Post-photographic Seeing Machines and Contemporary Concepts of Witnessing

Post-photographic Seeing Machines and Contemporary Concepts of Witnessing

Wolfgang Brückle

The practices of producing, perceiving, and disseminating photography are digital and networked; data streams, ubiquity and virtuality, constructs, code, and manipulation have taken the place of discursive building blocks such as creation, originality and materiality, trace, transparency, and truth. The image itself is now little more than the precipitate of a pre-existing network of data that remains independent of the image. The consequences of this for our understanding of the form, medium, and authorship of images are yet to be determined.

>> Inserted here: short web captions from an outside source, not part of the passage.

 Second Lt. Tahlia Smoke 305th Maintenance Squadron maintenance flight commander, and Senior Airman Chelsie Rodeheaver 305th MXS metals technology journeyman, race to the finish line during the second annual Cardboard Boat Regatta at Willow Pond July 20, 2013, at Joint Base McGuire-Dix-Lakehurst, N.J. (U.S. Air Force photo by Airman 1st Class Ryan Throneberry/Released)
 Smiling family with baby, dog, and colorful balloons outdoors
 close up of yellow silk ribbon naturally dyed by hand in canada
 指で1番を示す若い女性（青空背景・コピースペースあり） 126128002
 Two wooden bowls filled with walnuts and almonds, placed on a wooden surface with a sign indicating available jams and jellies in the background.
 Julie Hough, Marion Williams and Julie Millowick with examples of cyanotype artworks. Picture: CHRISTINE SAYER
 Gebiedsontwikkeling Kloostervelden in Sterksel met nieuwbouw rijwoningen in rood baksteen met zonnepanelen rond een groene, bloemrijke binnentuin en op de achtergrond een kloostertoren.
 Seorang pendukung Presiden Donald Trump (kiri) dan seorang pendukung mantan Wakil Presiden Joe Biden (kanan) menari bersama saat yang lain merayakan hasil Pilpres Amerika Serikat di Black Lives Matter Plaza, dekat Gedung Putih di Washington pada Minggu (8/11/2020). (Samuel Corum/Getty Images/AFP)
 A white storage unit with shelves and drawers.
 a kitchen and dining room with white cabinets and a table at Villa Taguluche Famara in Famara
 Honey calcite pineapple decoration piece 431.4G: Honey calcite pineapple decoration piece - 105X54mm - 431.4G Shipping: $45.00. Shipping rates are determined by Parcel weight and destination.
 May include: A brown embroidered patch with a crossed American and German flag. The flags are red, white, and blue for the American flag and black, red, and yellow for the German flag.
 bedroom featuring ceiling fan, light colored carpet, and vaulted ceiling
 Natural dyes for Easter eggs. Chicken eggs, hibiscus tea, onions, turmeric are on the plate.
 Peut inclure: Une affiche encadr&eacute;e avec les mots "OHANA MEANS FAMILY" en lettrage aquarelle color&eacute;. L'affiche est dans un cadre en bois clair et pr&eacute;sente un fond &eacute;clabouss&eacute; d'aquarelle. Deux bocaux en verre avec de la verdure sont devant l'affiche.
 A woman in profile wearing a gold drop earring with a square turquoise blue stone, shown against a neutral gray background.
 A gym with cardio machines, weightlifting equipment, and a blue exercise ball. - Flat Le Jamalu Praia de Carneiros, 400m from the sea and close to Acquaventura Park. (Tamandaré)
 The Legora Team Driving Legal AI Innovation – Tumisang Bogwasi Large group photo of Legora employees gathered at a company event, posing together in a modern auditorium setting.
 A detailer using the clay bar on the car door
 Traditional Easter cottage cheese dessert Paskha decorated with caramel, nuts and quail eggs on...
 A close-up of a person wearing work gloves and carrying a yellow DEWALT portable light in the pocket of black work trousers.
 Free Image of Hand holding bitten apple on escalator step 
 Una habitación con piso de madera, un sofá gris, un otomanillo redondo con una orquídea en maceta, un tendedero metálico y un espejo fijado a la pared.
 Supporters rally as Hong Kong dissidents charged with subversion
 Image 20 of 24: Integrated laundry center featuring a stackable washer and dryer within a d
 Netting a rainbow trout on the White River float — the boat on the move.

But this frustration of the recording process – our guarantor for reality – is just one possibility, not an unavoidable corollary of digital imagery. Photographic media have retained a paradigmatic function in the digital age. Indeed, some areas of image production suggest that we need to go even further: Harun Farocki, Paul Virilio, and Trevor Paglen have spoken of images made for machines, by machines, and never even intended for human eyes. Such images no longer have anything to do with the concept of authorship or with anthropocentric notions of the image as the endpoint of works produced by and for people using media. To a certain extent the same can be said of images generated by webcams: a deluge of virtual images that start life with neither audience, place, or material substrate. Artistic approaches to these initially virtual images range from the appropriation of found footage to the realisation of pictorial potentialities. After the death of the author, and of the indexical paradigm in photographic theory, these approaches promise high yields for theories of authorship, evidentiality, and documentation.

Located as they are between indexicality and realism, such documentary practices need to be reconceived as a new type of image, where the construction of conventional artistic gestures and the continued existence of the photographic paradigm require further elaboration. Artistic approaches to Google Streetview, webcams, and related media will be the focus of this investigation.